A/B Tests and Experiment Size
Let’s say you’re running an A/B test. Maybe you want to test how many conversions you will get if you change the design of the Signup page or the wording. You split users landing on your site into 2 groups - the control group and the experimental group. Those in the control group see the existing site and those in the experimental group see the new design. Practically you could do this by setting a cookie or otherwise.
If your baseline rate (the current number of conversions) is 10%, and you wish to be sensitive to an effect size of just 2% (i.e. an increase from 10% to 12%), one question you should ask is how many observations must I make such that my test has a given level and power.
Refresher
Before we dive into answering this question, it is useful to review the concepts of level and power.
Level and Type I error
The level specifies our tolerance for Type I error. That is to say when we reject the null hypothesis when we should not; we reject the null hypothesis when it is in fact true. This is like the percentage of the time we convict an innocent person or the percentage of time when we conclude a placebo is effective.
Another way to see it is to imagine our experiment is coin tossing and we wish to know if the coin is fair (50% probability of heads) or if it is biased (>50% chance of heads). Even with a fair coin, there is some probability that we get an extreme result, say we get 750/1000 heads, despite the coin being fair, just by pure variance.
If we have a level $\alpha=0.05$, which is the common value taken, then only 5% of the time do we commit Type I error.
Power and Type II
Type II error is, on the other hand, when we should reject the null hypothesis but we fail to.
For example, if the coin has 52% of heads it is very likely to not produce an extreme result and we are unlikely to be able to get an extreme enough (given a level of 5%) result for us to be able to reject the null hypothesis that the coin is fair. Intuitively our study would need to include a huge number of coin tosses to stand any chance of being able to conclude the coin is biased and reject the null.

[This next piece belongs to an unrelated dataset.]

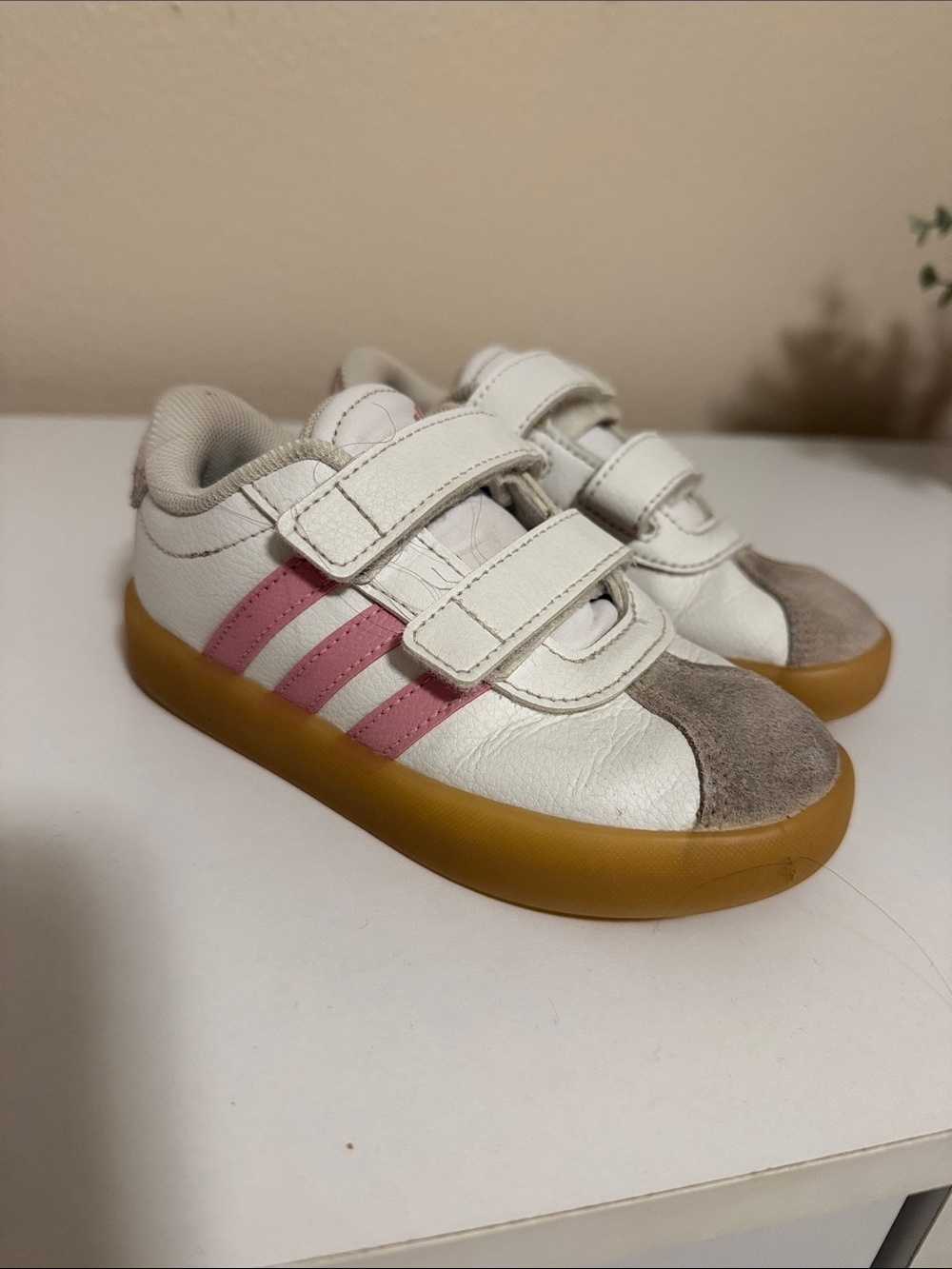 Adidas VL Court White & Pink Velcro Sneakers with Gum Sole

Usually, we write $\beta%$ for the percentage of the time we commit Type II, failing to reject the null hypothesis when we should.
Power is related to this as $1-\beta$. It’s the percentage of the time we correctly reject the null hypothesis. It’s the probability of avoiding committing a Type II error.
A common value for power is 80%.
Experiment size
The question we want to answer is given a desired level and power for our study, and given an effect size we wish to be sensitive to, what is the minimum number of observations we need to make?
Test statistic and power
Let’s say we collected data from the study described above:
condition | signup |
---|---|
1 | 0 |
0 | 0 |
0 | 0 |
1 | 1 |
The “condition” just tells us if the user was in the control or experimental groups (0 means control, 1 means experimental). The “signup” column tells us if the ultimately signed up or not.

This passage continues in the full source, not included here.